Jum’at, 03 April 2026 pukul 08.30 WIB, keluarga besar SD Hj. Isriati Baiturrahman 1 Semarang menggelar acara Halal Bihalal yang bertempat di Aroem Hotel Semarang. Kegiatan ini dihadiri oleh pengurus yayasan, komite sekolah, bapak dan ibu guru serta karyawan baik yang masih aktif maupun yang telah purna tugas, serta para alumni yang tergabung dalam panitia Reuni Akbar.
Acara diawali dengan pembukaan dengan bacaan basmalah, dilanjutkan lantunan ayat suci Al-Qur’an oleh Ustadz Riklan, S.Pd., menambah suasana religius dan penuh ketenangan.
Dalam sambutannya, Kepala Sekolah Dr. Sri Lestari, S.Pd., M.Pd. menyampaikan rasa syukur atas terselenggaranya kegiatan ini. Beliau menjelaskan bahwa halal bihalal memiliki makna mendalam, yaitu saling mengesahkan dan memaafkan. Tradisi ini memiliki akar sejarah yang kuat sejak masa Pangeran Mangkunegara yang mengumpulkan para abdi dalem untuk saling memaafkan. Beliau juga menekankan bahwa kegiatan ini menjadi ajang rekonsiliasi untuk memperkuat kebersamaan dalam mengembangkan yayasan khususnya SD Isriati 1. Empati dan kasih sayang sebagai makhluk Allah menjadi nilai utama yang sejalan dengan visi dan misi sekolah.
Sambutan berikutnya disampaikan oleh Ketua Komite, Ibu Dwi Astutik. Beliau mewakili seluruh tim komite menyampaikan permohonan maaf serta harapan agar ke depan kerja sama antara sekolah dan komite semakin solid demi kemajuan sekolah dalam mencetak generasi cerdas dan berakhlakul karimah.
Suasana semakin hangat dengan sambutan dari Ketua Panitia Reuni Akbar, dr. Harancang Pandih Kahayana, Sp.A, alumni lulusan tahun 1997 angkatan ke-7. Beliau memohon doa dan dukungan untuk rencana penyelenggaraan Reuni Akbar hingga angkatan ke-25. Reuni ini diharapkan menjadi wadah untuk mempererat ukhuwah, melepas rindu, sekaligus membuka peluang silaturahmi yang dapat menjadi pintu rezeki. Ia juga mengenang jasa para guru yang telah mendidiknya dengan penuh kesabaran dan kebaikan.

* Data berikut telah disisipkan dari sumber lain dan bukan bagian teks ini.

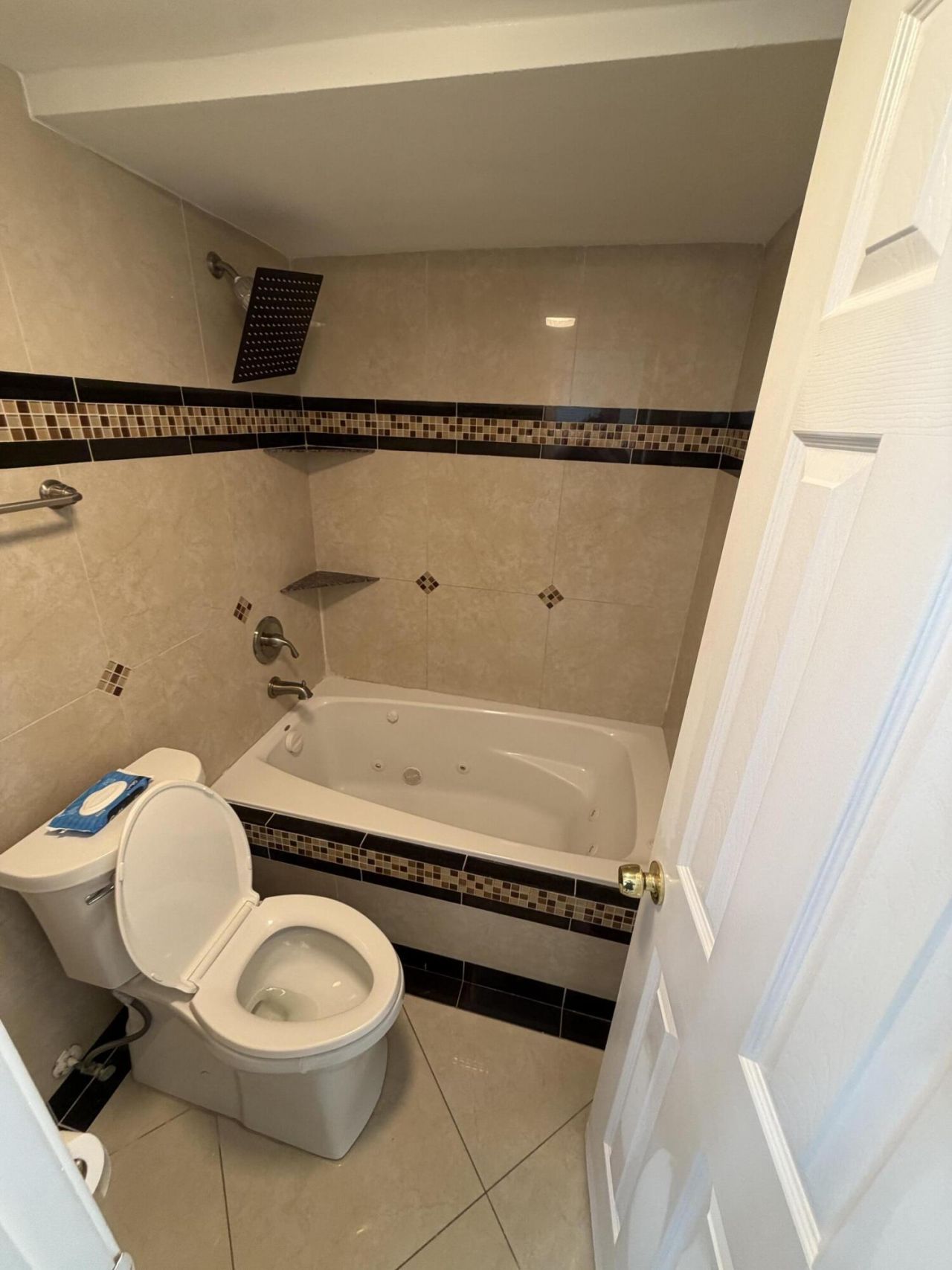 2900 Fiore Way, Unit 1050, Delray Beach, FL 33445 Photo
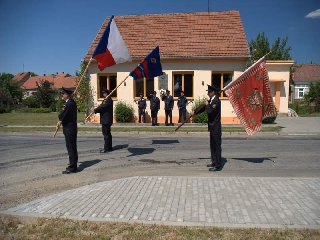 Položení květin u pomníků Františka Lemberka a obětem druhé světové války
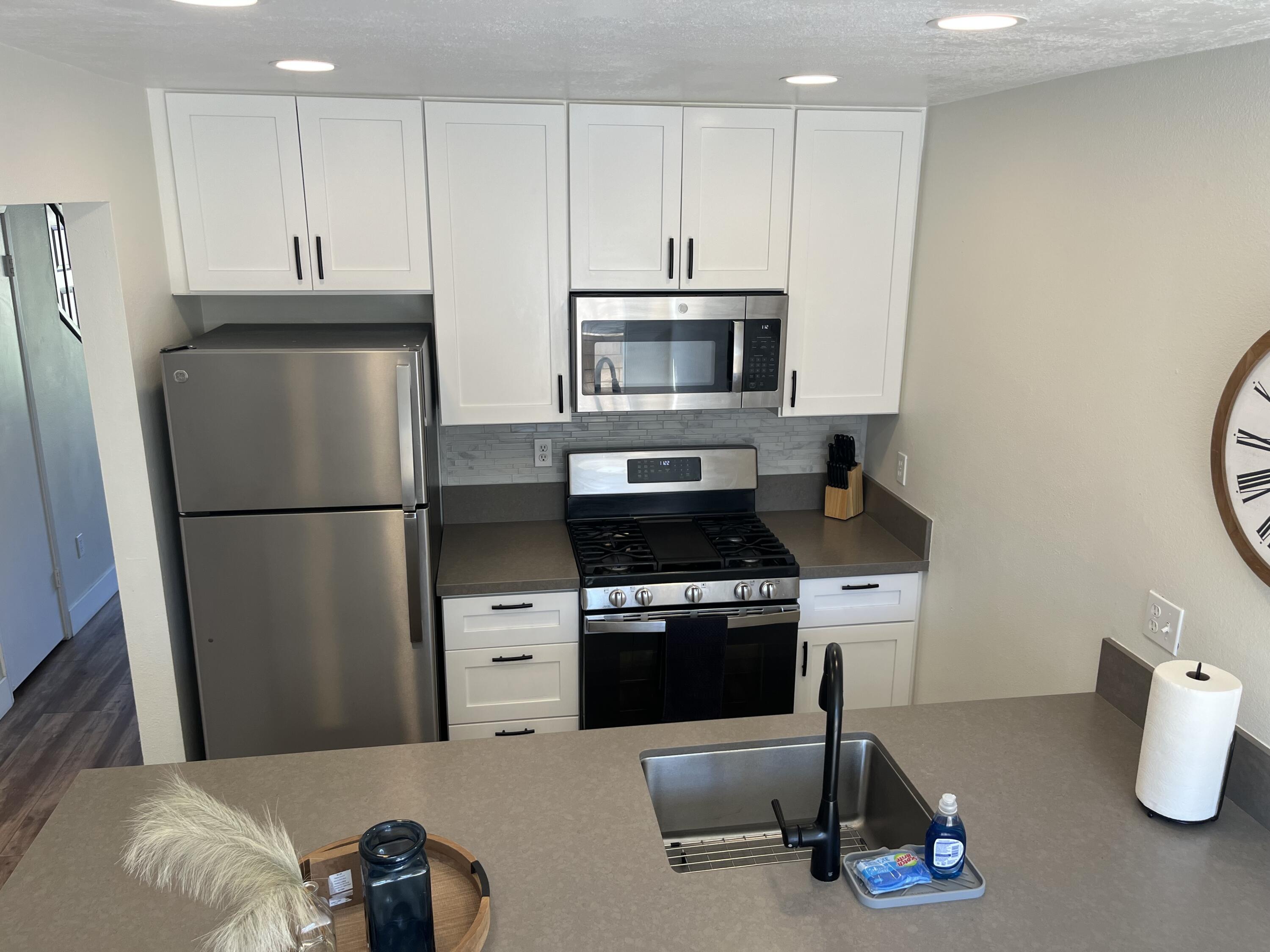 82567 Ave 48, Unit 85 Indio, CA 92201 - Photo 3 of 23 IMG_5402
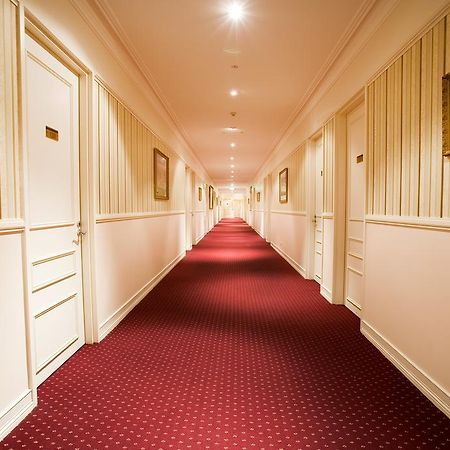 Redearth Boutique Hotel Маунт-Айза Экстерьер фото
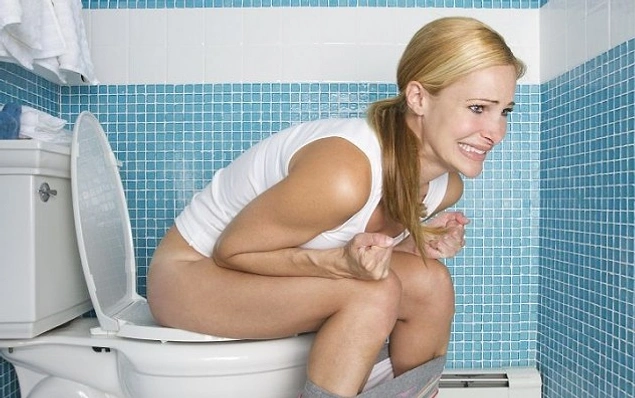 "Я занимался сексом с девушкой, которая вот уже неделю не могла сходить в туалет. Вдруг она вскочила с постели и понеслась в туалет, откуда донеслись ее ликующие крики. Она так даже оргазму не радовапась, как тому, что сходила по-большому".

Sambutan terakhir disampaikan oleh Ketua Umum YPKPI Masjid Raya Baiturrahman Jawa Tengah, KH. Dr. Ahmad Darodji, M.Si. Beliau menegaskan pentingnya halal bihalal sebagai sarana mendekatkan hubungan antar sesama. Ia juga menyampaikan keprihatinan terhadap fenomena kriminalisasi guru, mengingat peran guru sangat penting dalam mendidik karakter anak. Menurut beliau, kedekatan antara guru, orang tua, dan siswa harus dijaga tanpa adanya sekat, demi terciptanya lingkungan pendidikan yang harmonis.
Acara ditutup dengan doa bersama, dilanjutkan sesi foto bersama. Momen kemudian berlanjut dengan salam-salaman, saling memaafkan, dan mempererat hubungan kekeluargaan di antara seluruh peserta.
Kegiatan Halal Bihalal ini tidak hanya menjadi tradisi tahunan, tetapi juga menjadi pengingat akan pentingnya menjaga silaturahmi, memperkuat persaudaraan, serta membangun sinergi demi kemajuan bersama.